The regulations in 19 C.F.R. 190.51(b)(1)(ii) provide that the eligible drawback amount "is determined by per unit averaging, as defined in 190.2." Per unit averaging "means the equal apportionment of the amount of duties, taxes, and fees eligible for drawback for all units covered by a single line item on an entry summary to each unit of merchandise." 19 C.F.R. 190.2. Additionally, among other data elements, a complete drawback claim must include:
For each designated import entry line item, the entry number and the line item number designating the merchandise, a description of the merchandise, a unique import tracing identification number(s) (ITIN) . . . as well as the following information for the merchandise designated as the basis for the drawback claim: The 10-digit HTSUS classification, amount of duties paid, applicable entered value . . . quantity, and unit of measure (using the unit(s) of measure required under the HTSUS for substitution manufacturing and substitution unused merchandise drawback claims), as well as the types and amounts of any other duties, taxes, or fees for which a refund is requested . . . .

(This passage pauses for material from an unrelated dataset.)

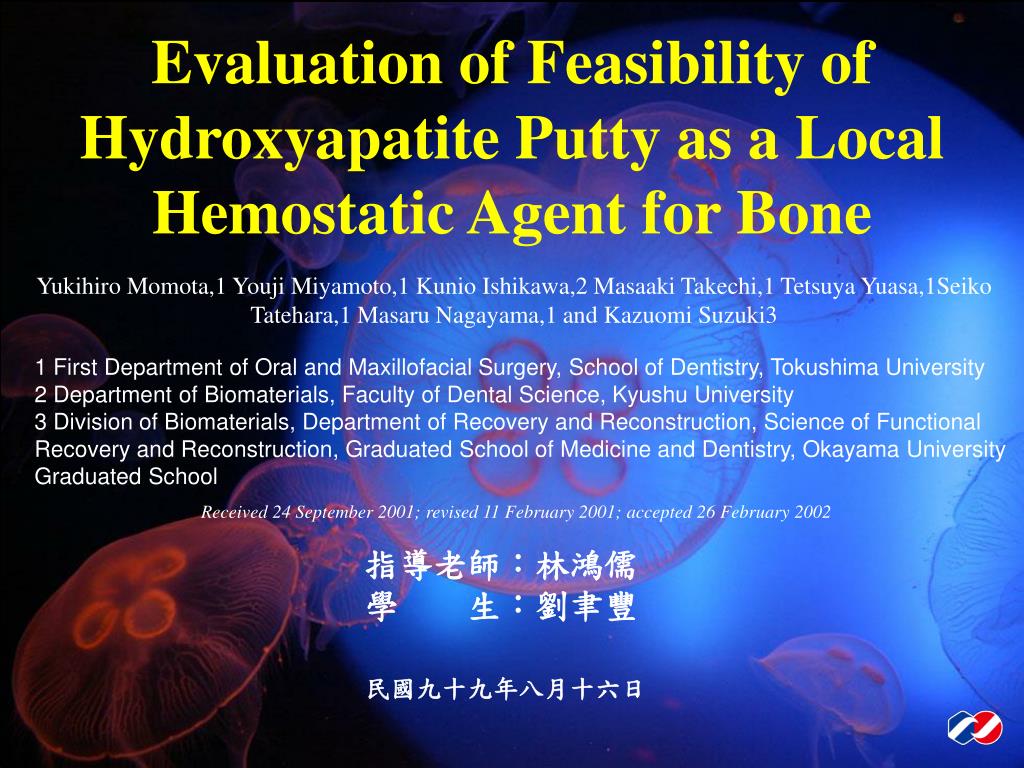 PPT Evaluation of Feasibility of Hydroxyapatite Putty as a Local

19 C.F.R. 190.51(a)(2)(viii).
CBP recently evaluated the drawback eligibility of vehicles manufactured within a FTZ with foreign and domestic status components. CBP concluded that when such vehicles are exported directly from a FTZ, given that only the domestic status components are eligible for drawback, "[t]he amount of duty refund claimed upon the submission of a drawback entry must therefore be limited to the value of the domestic status components within the exported vehicles." Headquarters Ruling Letter ("HQ") H305251 (Dec. 10, 2021) (citing 19 C.F.R. 190.51(a)(2)(vii)). Consequently, a drawback claim on such vehicles required "the deduction of all foreign status components from the value of the manufactured and exported vehicles." Id.
The Company does not challenge the need to deduct the value of all foreign status components from the total value of the finished and exported merchandise for purposes of properly calculating its drawback claim. Rather, the Company seeks confirmation that it can do so by deducting the value and weight of foreign status components from the total value and weight of the exported finished merchandise and then use both to compare to eligible imports.
The Company provided an example whereby it exports 1000 pounds of merchandise from a FTZ made up of $150,000 in total export value. Of that merchandise, 600 pounds and $75,000, is made up of drawback-eligible domestic status merchandise (400 pounds and $75,000 were deducted as foreign status merchandise). If that 600 pounds of merchandise had been imported with a value of $75,000, the total duties paid would have been $2,524.50. The Company's proposed methodology would seek drawback of that $2,524.50 against eligible import duties paid. The import, in the example, was of 1000 pounds of merchandise, with a value of $200,000, and import duties paid totaling $6,732.00. If both value and weight are allowed for consideration in the calculation of eligible drawback in this example, the Company proposes that there would remain 400 pounds of import merchandise that could be used as a "match" for future similar exports for purposes of a drawback claim. If weight is not allowed in the consideration, then the 1000-pound export (prior to excluding foreign status merchandise) is a one-for-one match with the 1000-pound import and there would not remain any further eligibility for the import to be used in a drawback claim.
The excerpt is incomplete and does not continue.